It's been two weeks now since various gun control measures went down in flames in the US Senate, prompting President Obama to don his petulance pants and lecture us from the Rose Garden. In that time I've read quite a few pieces by Democrats seeking to explain, in one way or another, how gun control could fail in the wake of the Newtown mass shooting. Some blame the NRA, of course. Some blame Republicans, of course. Some even blame Obama, but not for the reasons I'm going to cite. Pretty much all are long on self-pity and short on self-examination, so here are my criticisms of the pro-gun control side, because they are every bit to blame, if not more, than the NRA and Republicans.(This is a long one, so I'll put most of it below the fold)
Obama's poor leadership
When Obama outsourced the issue to Joe Biden, the probability for meaningful action took an immediate and negative hit. At that moment Obama signalled that it was really going to be business as usual, in other words it was going to be "inside the beltway politics." In the short term that was probably smart politics for Obama personally, but it was also another missed opportunity for him to match the greatness of his office.
He could have taken the role of an honest broker between the two sides and step by step publicly guided the conversation toward what was possible. That would have meant swallowing his own personal preferences for the moment and acting as President of all of these United States to bring both sides together. I suppose many in both party establishments would consider that idea naive, but my gut tells me the less ideological on both sides and independents would have eaten it up. Besides, isn't that the Hope and Change president we've been promised twice now?(I know, I know, that was always phony, but I couldn't resist)
Biden's Poor Leadership
Many projects fail before they even begin because the problem and/or the scope of the solution are not properly defined from the start. I've seen it countless times over the years to the point where I can smell a looming clusterf*ck from a mile away. As I noted here and here, the problems of overall gun violence and mass killing are related but also distinct, and they have related but also distinct solution sets.
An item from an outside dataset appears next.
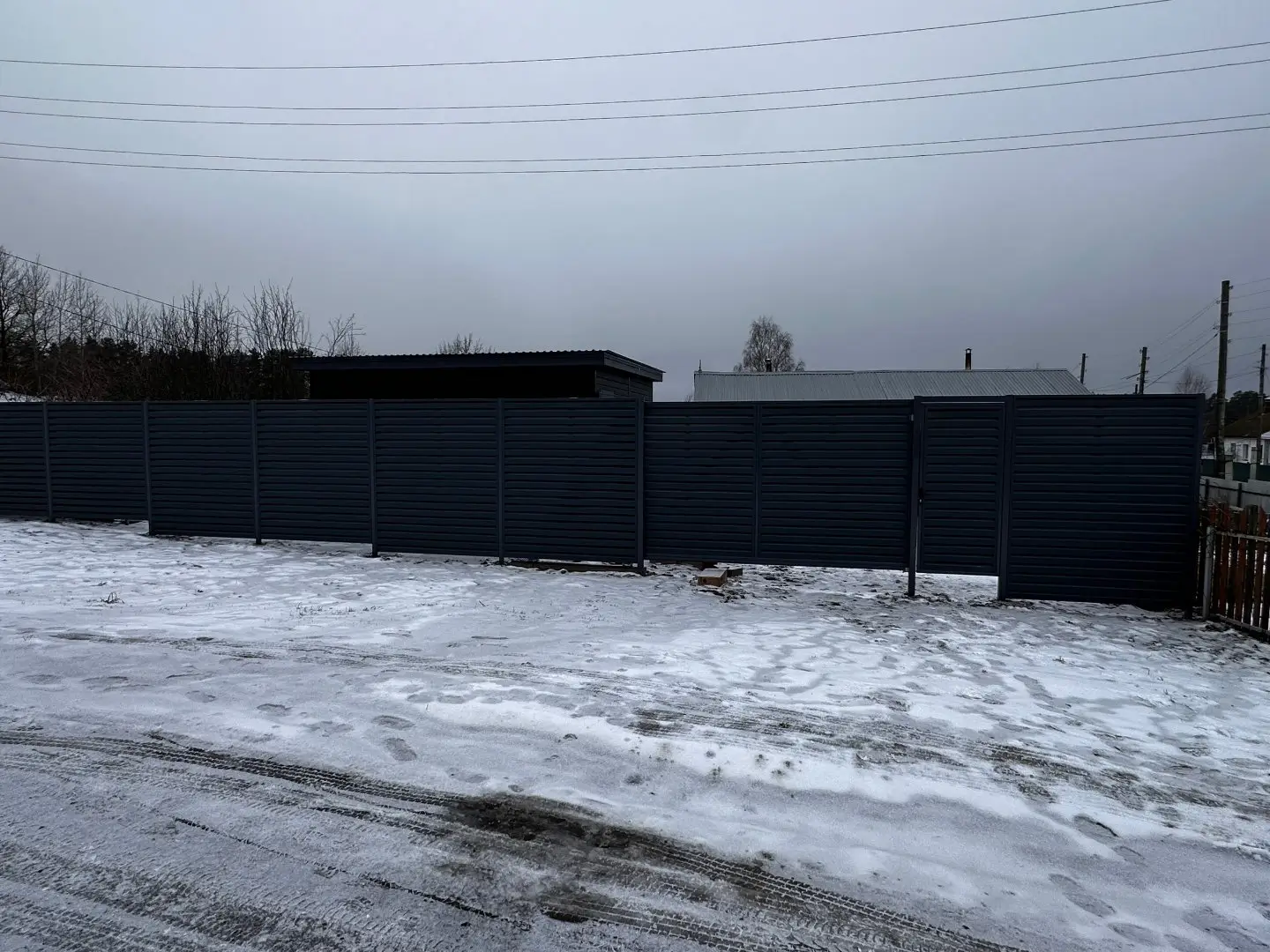 Забор-жалюзи из ламелей Хай-Тек 20м RAL7024/7024 Серый Графит двусторонний МАТТЕ фото 1 в Омске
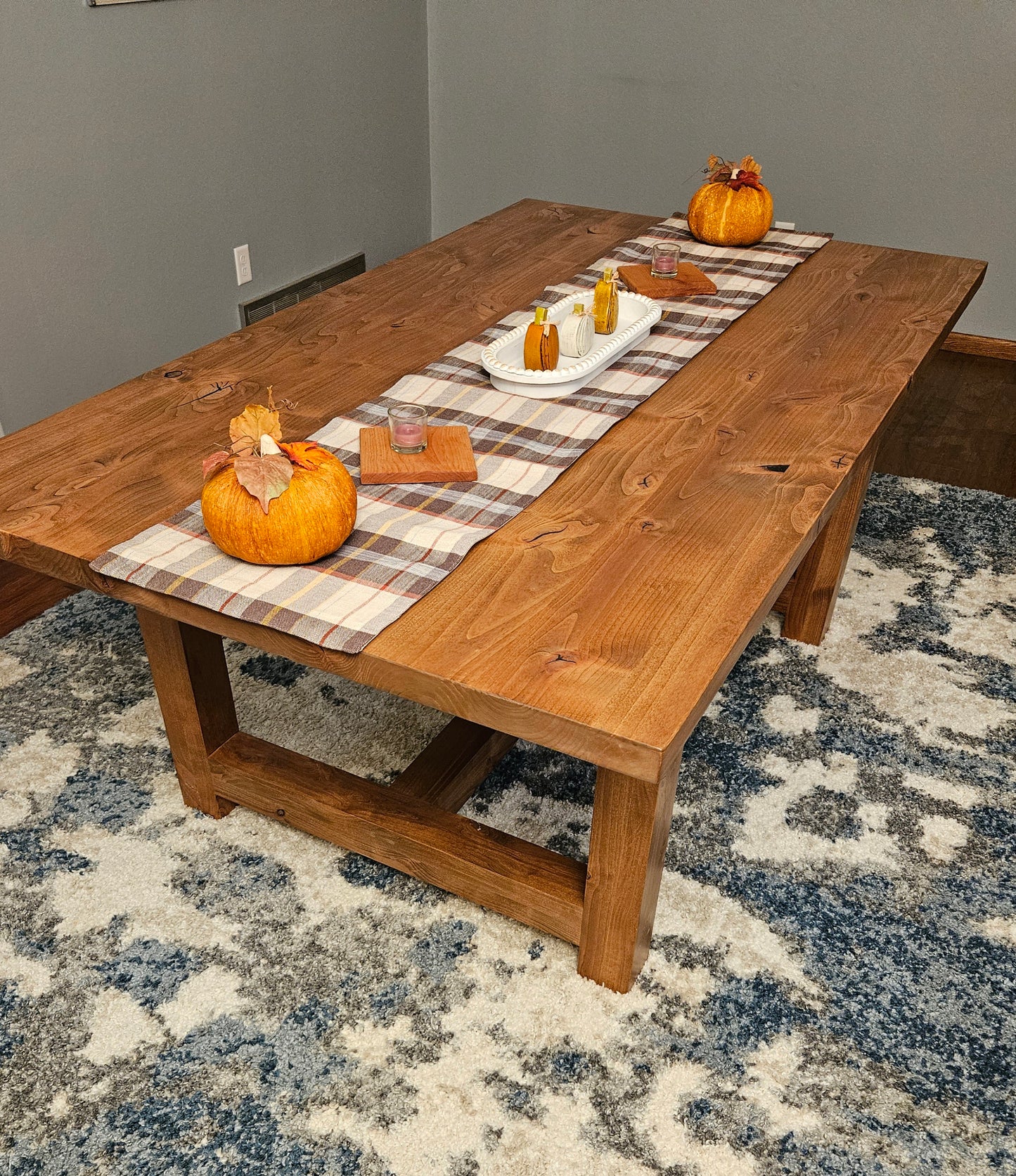 The Modern Family Farm Table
A tightly focused effort on Biden's part might have had a chance, but instead we got what was basically a free for all of gun control wish list items, regardless of how effective they would be in preventing the next mass shooting or daily gun violence on the streets.
To be fair to Biden, the Washington Post back in January noted how Obama had tied his hands somewhat from the start. Still, he wasn't just Obama's puppet on this issue. He fully embraced Obama's strategy of foregone conclusions, emotion over reason, and divisiveness through demonization. That worked in the last general election with the media covering their backs, but as shown in the results two weeks ago, it's a disastrous way to try to govern.